The KPZ fixed point and Brownian motion share the same null sets on compact intervals.

A machine-rendered reading of the paper's core claim, the machinery that carries it, and where it could break.

The paper proves that increments of the KPZ fixed point, starting from any initial data, are mutually absolutely continuous to Brownian motion with diffusion constant 2 when restricted to any compact time interval. This means the two processes assign probability zero to exactly the same sets of paths on those intervals. The result extends an earlier one-sided absolute continuity statement and immediately transfers many path properties, such as certain hitting times and dimension calculations, between the two objects.

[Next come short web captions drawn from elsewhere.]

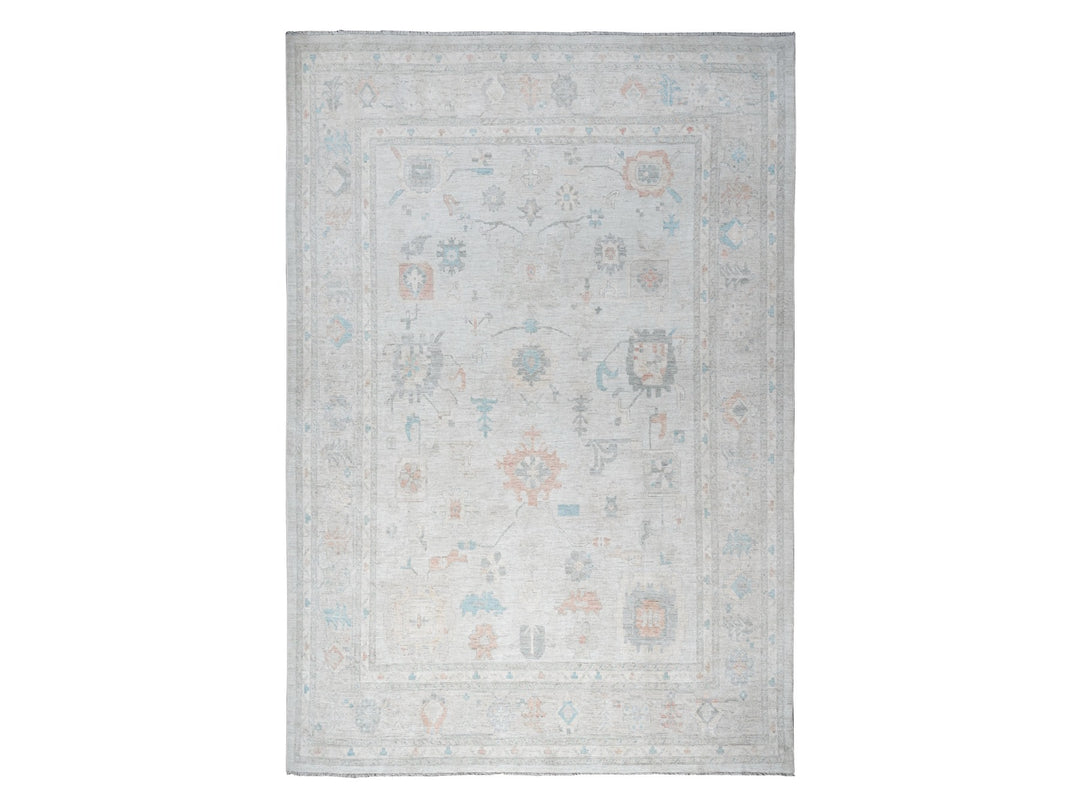 14'0" x 17'6" New Hand Knotted Grey Wool Rectangle Oriental Rug - MOA10288232
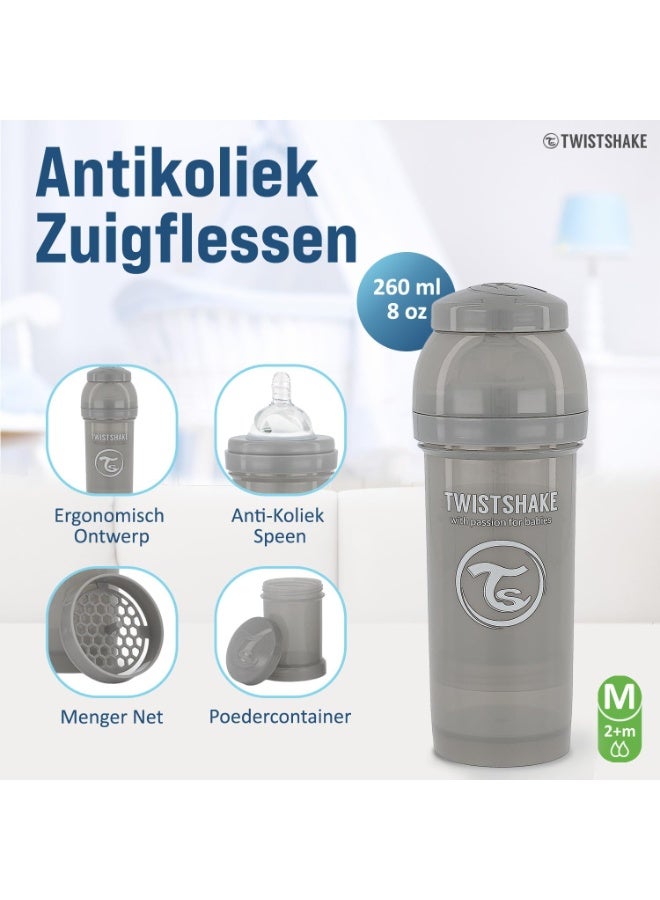 Twistshake Anti-Colic Baby Bottle with Milk Powder Container and Mixer - 330ml | Fast Flow Silicone Breast-Like Nipple | BPA- Free | Suitable for 4 Month+ | Blue - Image 4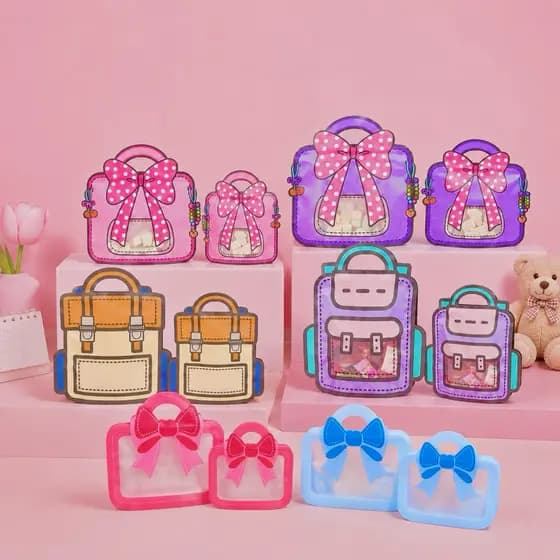 10 Sacos Embalagem Lembrancinha Aniversário Estilo Mochila e Bolsa com Laço Fofo YH8163 .64.65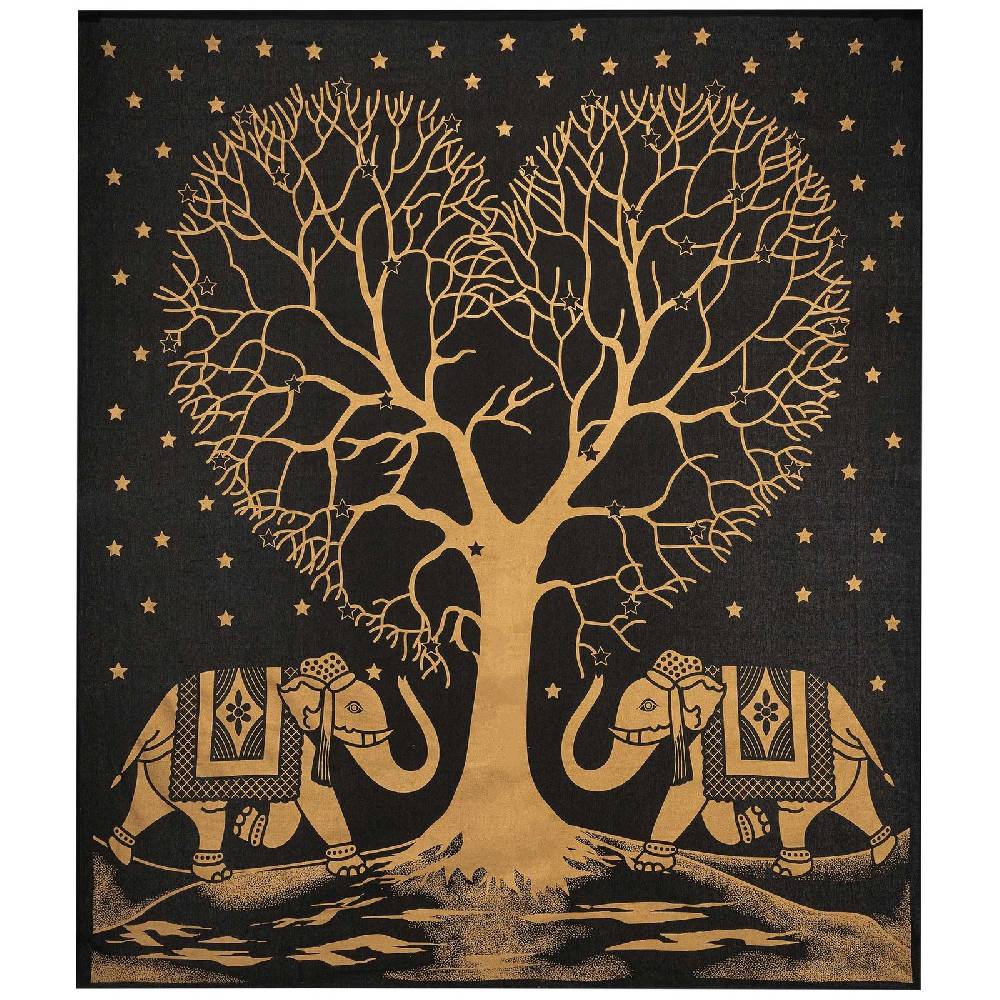 Kunst Und Magie Tagesdecke Wandbehang Deko Tuch Goldener Liebes Baum Love Tree Elefant Ca. 200 X 230cm XL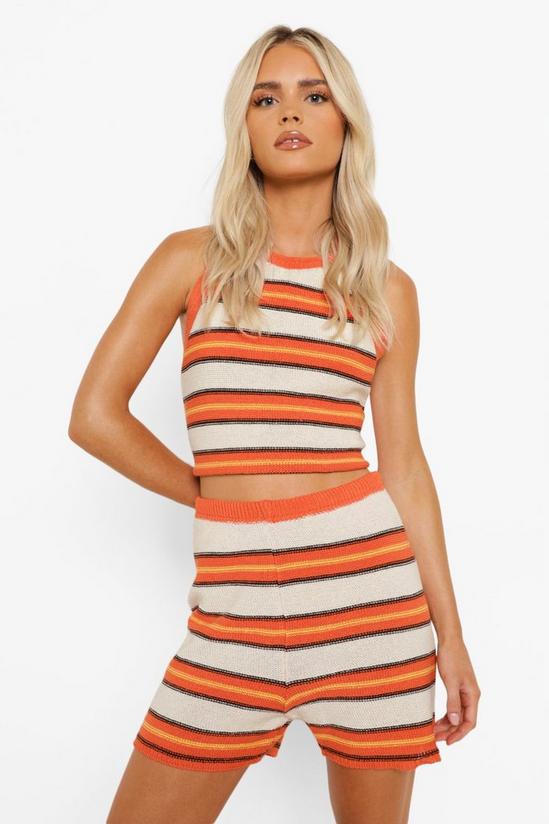 boohoo Stripe Halterneck Knitted Shorts Co-ord 3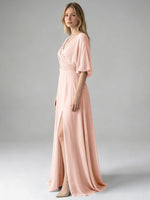 V-neck Slit Ruched Mother Dress 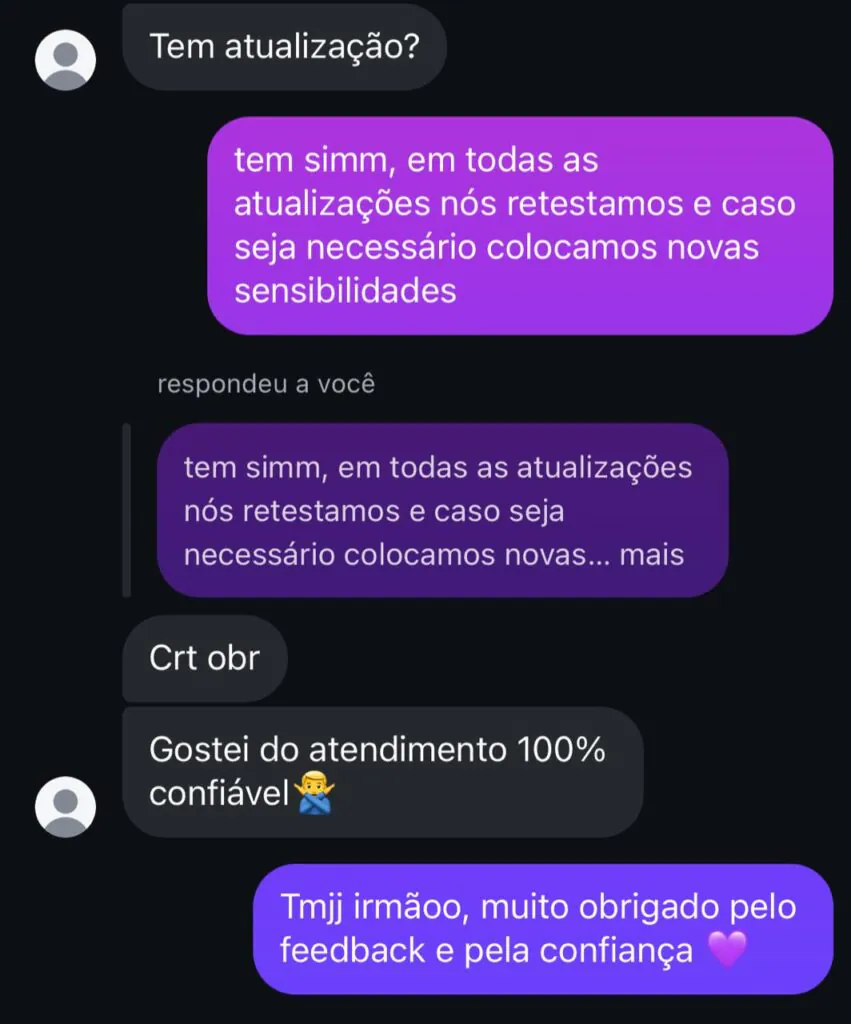Print real de mensagem de um aluno satisfeito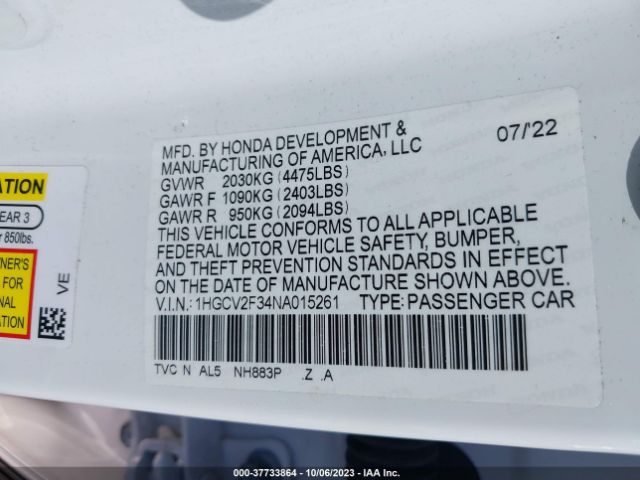 1HGCV2F34NA015261 Honda Accord Sedan Sport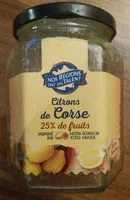 入っている砂糖の量 Citrons de Corse 25% de fruits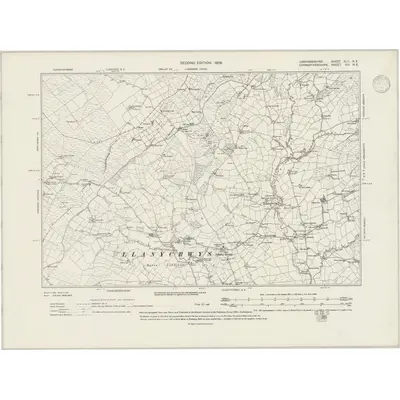 1904 Map of Cardiganshire XLII.NE, 1947 Print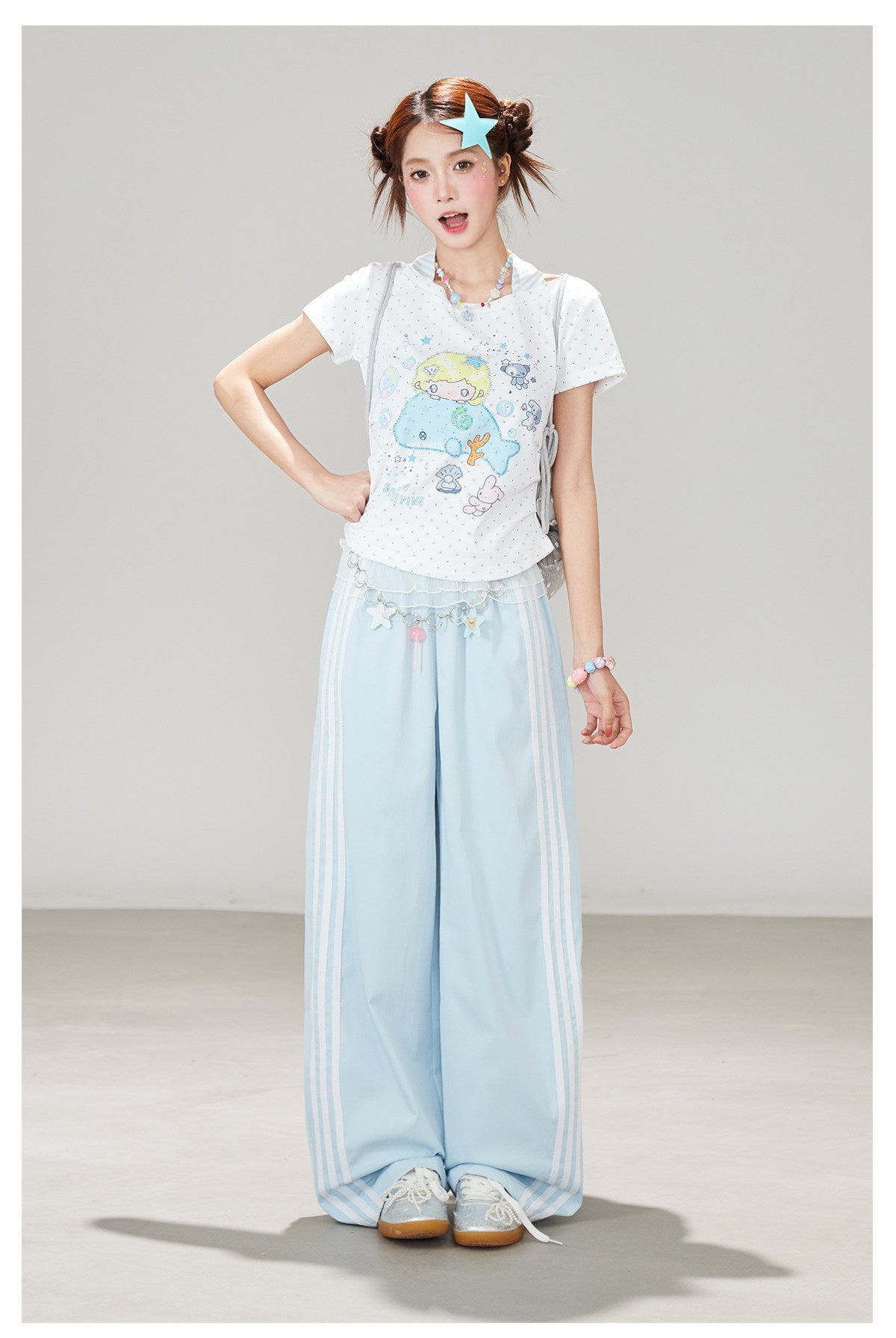 Ruffle Waist Side Stripe Wide-Leg Pants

It also shows a one-way absolute continuity between additive Brownian motion and the centred Airy sheet on compacts, while ruling out mutual absolute continuity on the whole line.

Core claim

The increments of the KPZ fixed point started from arbitrary initial data are mutually absolutely continuous with respect to Brownian motion with diffusion parameter 2 on compacts. Additive Brownian motion is absolutely continuous with respect to the centred Airy sheet on compacts, but the two are not mutually absolutely continuous globally. These relations imply that the KPZ fixed point and Brownian motion have identical null sets on every compact interval.

What carries the argument

Mutual absolute continuity of the law of KPZ fixed point increments and the law of Brownian motion with diffusion 2, on every compact time interval.

If this is right

  • With probability strictly between zero and one, the KPZ fixed point has record times away from any fixed reference point.
  • The probability that the graph of the KPZ fixed point hits a given set is positive precisely when that set has positive thermal capacity.
  • The essential supremum of the Hausdorff dimension of certain random intersections involving the KPZ fixed point can be computed explicitly.
  • Essential suprema of Hausdorff dimensions of images of plane sets under the Airy sheet are determined, along with a Bessel-Riesz capacity condition for positive Lebesgue measure.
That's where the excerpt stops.